Creative knowledge blossomed after devastating illness

Ben Stanford of Hessmer was “eight or nine years old” when he started getting headaches. He was misdiagnosed because what he was afflicted with “starts off as a cold.”

The diagnosis was way off because Ben had “meningitis and encephalitis.”

Meningitis is an infection of the membranes that surround the brain and spinal cord. Encephalitis is inflammation of the brain itself.

“My grades suffered, my vision suffered, it took awhile but I bounced back in six weeks but the damage lingered,” he said. “It affects the brain but I eventually got it all back.”

But after a year, Ben noticed some things were different.

He was able to play music and draw on a much better level. Although he had some skill before the illness, his talent ballooned.

“I was just a kid but everyone else noticed.

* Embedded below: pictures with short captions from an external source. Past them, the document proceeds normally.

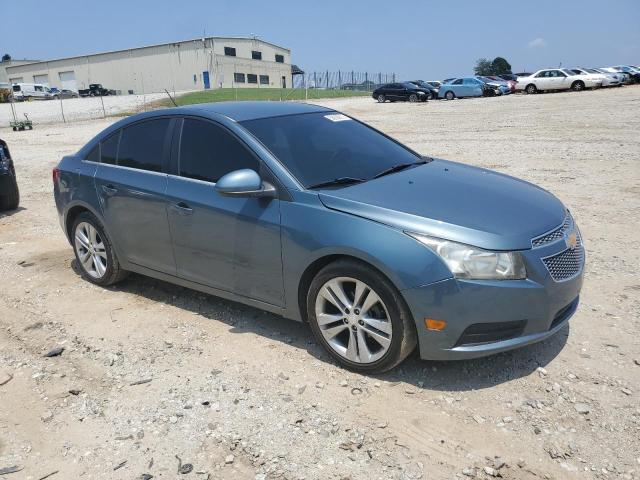 Photo 4 from auction – 2012 CHEVROLET CRUZE LT with VIN 1G1PF5SC0C7239392
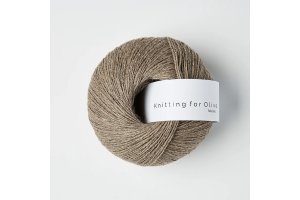 Knitting for Olive Merino - Cardamon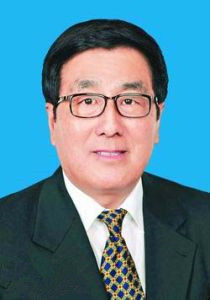 林鐸[甘肅省委副書記、代省長]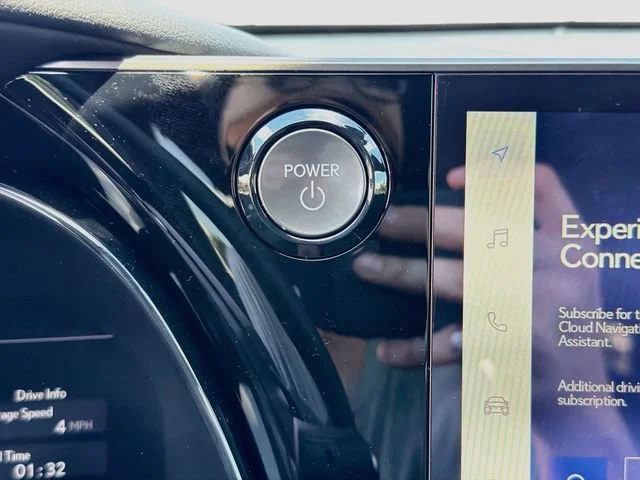 New 2026 Incognito Lexus F SPORT PERFORMANCE PREMIUM AWD image 38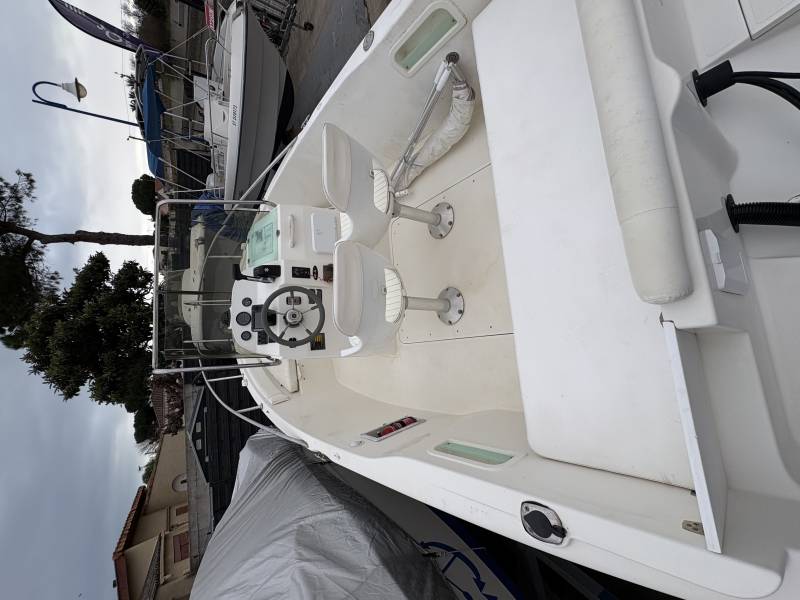 NORTHSTAR 190 - OPEN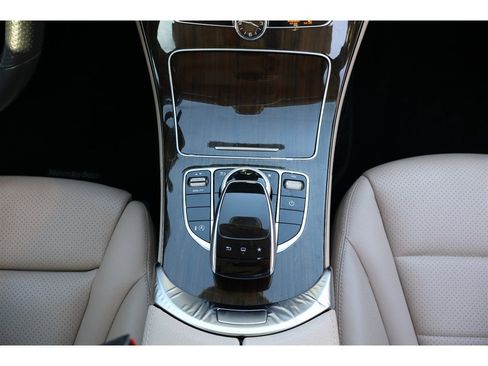 Used 2015 Mercedes-Benz C 300 Sedan image 23
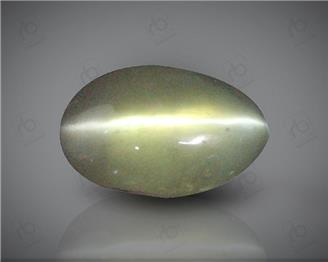 Natural Chrysoberyl Cat's eye  3.42CTS-50843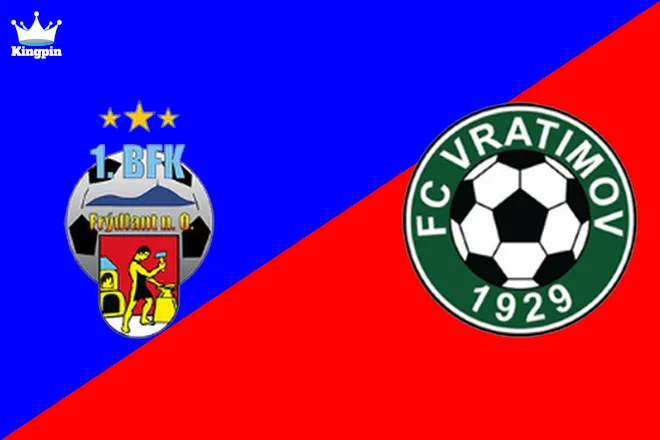 Frýdlant vs Vratimov: Czech 4. liga Spread Picks August 3, 2024
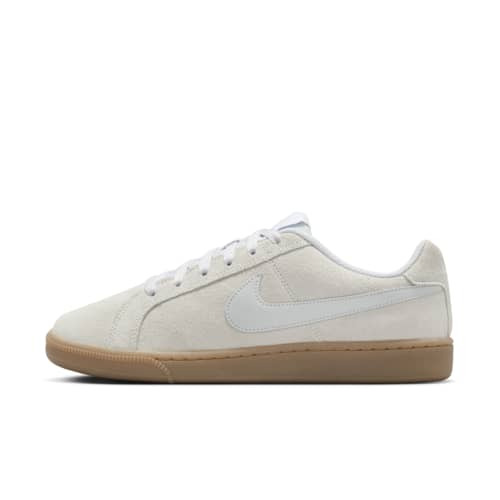 WMNS NIKE COURT ROYALE SUEDE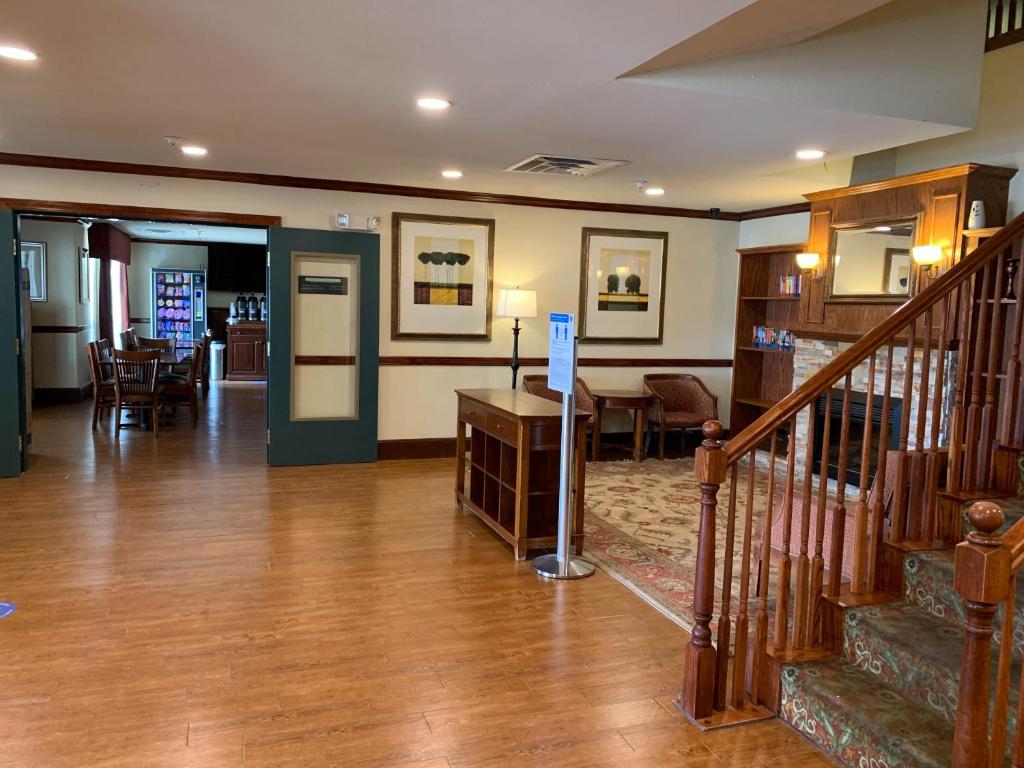 Studio 6 Hobbs NM Event Center photo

When I was 12 or 13 I was playing the guitar as good as my instructor.”

With his painting he’d be asked how he could paint so well. “I see what’s in my head and can paint from memory, if I see someone I can paint them from my memory,” he explained.

Referring back to the phenomenon of what happened after he recovered, Ben said that he has heard of it and referred to people coming out of a coma who experienced what he did.

All this being said, Ben and I sat in front of one of his recent creations, a 20 by 18 foot mural of a bayou scene in an outdoor kitchen in Evergreen.

His first mural was painted in his bedroom when he was a teenager. “It was a scene of the ocean, mountains, the sun going down,” and even some dinosaurs.

The outdoor kitchen in Evergreen belongs to William “Swole” Ferguson who asked Ben to create something on the blank back wall, made of particle board, which according to Ben, is the hardest surface to paint on.

Because William left it to Ben the scene that evolved is as Cajun as the alligator climbing out of the mural.

The mural includes a typical wood sided cabin on a bayou surrounded by cypress, oak and pecan trees. There’s a pirogue waiting to be used as well as a crawfish trap. When I mentioned a turtle Ben said the turtle was under water waiting for the sun to come out.

It took Ben a couple of months to finish the scene , that still needs a sealer. He did have some help from his friends, mainly his mother, Lynn Deville and Sarah Ferguson, William’s wife.

“I can use people if they have any kind of inclination towards painting, I can trick them into painting beautifully. Art is just simple steps, people think it’s so difficult but I just break it down for them.”

Even though Ben sounds like a graduate art student, he has never taken an art lesson. He calls it “universal knowledge; it just comes to me.”

Besides using acrylics on his mural, Ben also used an air brush because it “softens the look, is faster and I don’t have to clean the brushes.”

In addition to the music and artistry, his other creative skills that came into sharper focus after his childhood illness are making silicone masks, sculpting, creative writing and he’s a tattoo artist.
Sometimes things that look bad are turned around to become something positive. Just ask Ben about it. He can’t quite explain what happened to him after his illness but he’s more than grateful and hasn’t wasted a bit of his giftedness.